Exercise —
When you copy the data that follows, reproduce every word exactly and leave out the images.

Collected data
== == ==
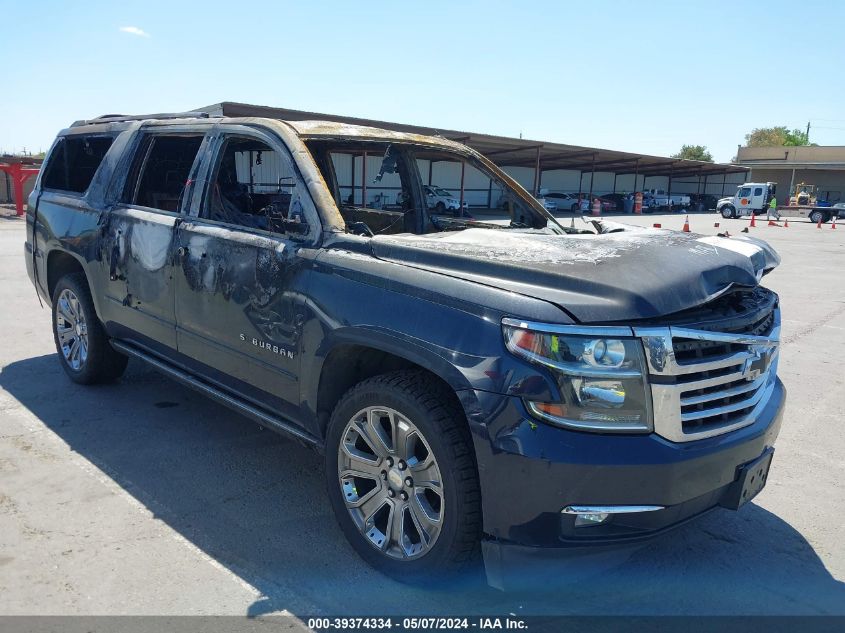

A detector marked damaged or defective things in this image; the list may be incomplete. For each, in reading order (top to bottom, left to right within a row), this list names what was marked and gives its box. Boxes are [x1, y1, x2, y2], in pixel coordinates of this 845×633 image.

burned chevrolet suburban [23, 111, 780, 584]
fire-damaged hood [372, 225, 780, 320]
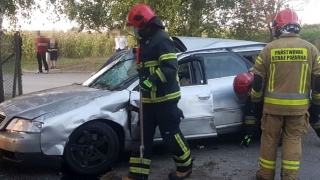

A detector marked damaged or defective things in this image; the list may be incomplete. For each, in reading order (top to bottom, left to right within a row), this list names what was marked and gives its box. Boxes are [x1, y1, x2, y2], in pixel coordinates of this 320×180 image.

broken windshield [89, 49, 138, 90]
crushed car hood [0, 84, 112, 121]
damaged silver car [0, 36, 266, 174]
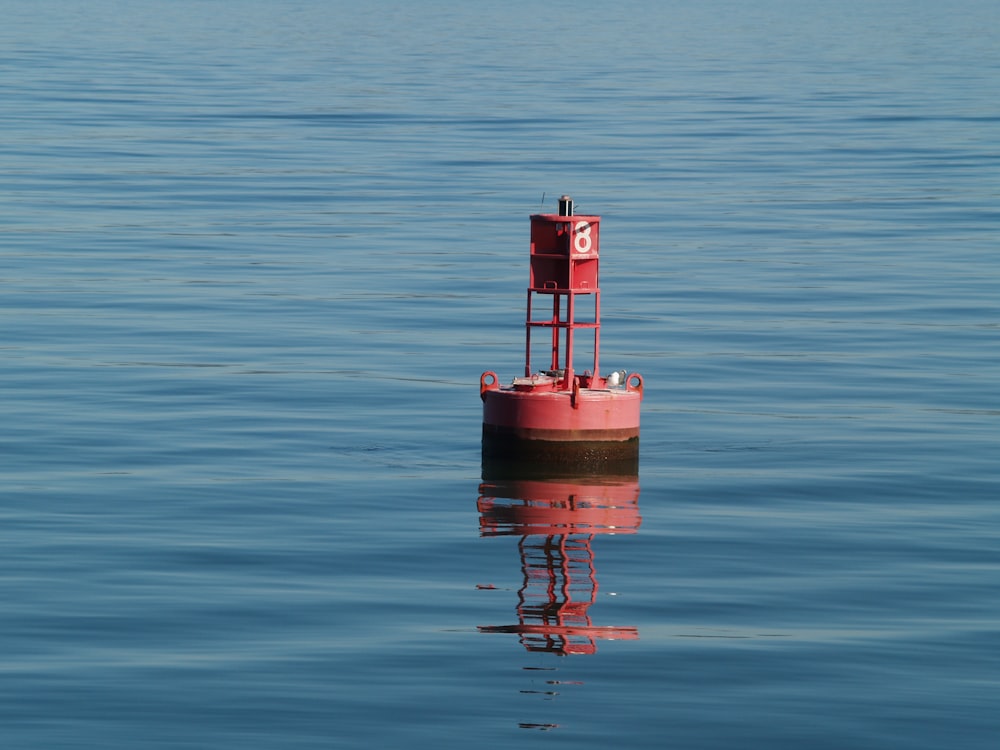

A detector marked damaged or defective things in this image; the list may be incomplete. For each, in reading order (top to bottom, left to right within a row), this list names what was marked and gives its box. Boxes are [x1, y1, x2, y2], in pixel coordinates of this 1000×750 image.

rust stain on buoy [482, 197, 640, 468]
== == ==
Output for this exercise —
A detector marked damaged or defective things in this image; the list may be incomplete. For each, in reading order (top to bottom, left to right within a row), this list names what was marked and gives its box. Boxes are [x1, y1, x2, y2], in pixel coordinates of this 845×633 image.

burned chevrolet suburban [23, 111, 780, 584]
fire-damaged hood [372, 225, 780, 320]

A detector marked damaged or defective things in this image; the list may be incomplete. For each, in reading order (top to bottom, left to right within a row), this list names what was marked and gives its box. Boxes are [x1, y1, x2, y2], in pixel coordinates of this 320×180 image.

broken windshield [89, 49, 138, 90]
crushed car hood [0, 84, 112, 121]
damaged silver car [0, 36, 266, 174]

A detector marked damaged or defective things in this image; the list may be incomplete. For each, in reading order (top to bottom, left to right within a row), this list names what was marked and gives its box. Boxes are [x1, y1, x2, y2], in pixel coordinates of this 1000×750 image.

rust stain on buoy [482, 197, 640, 468]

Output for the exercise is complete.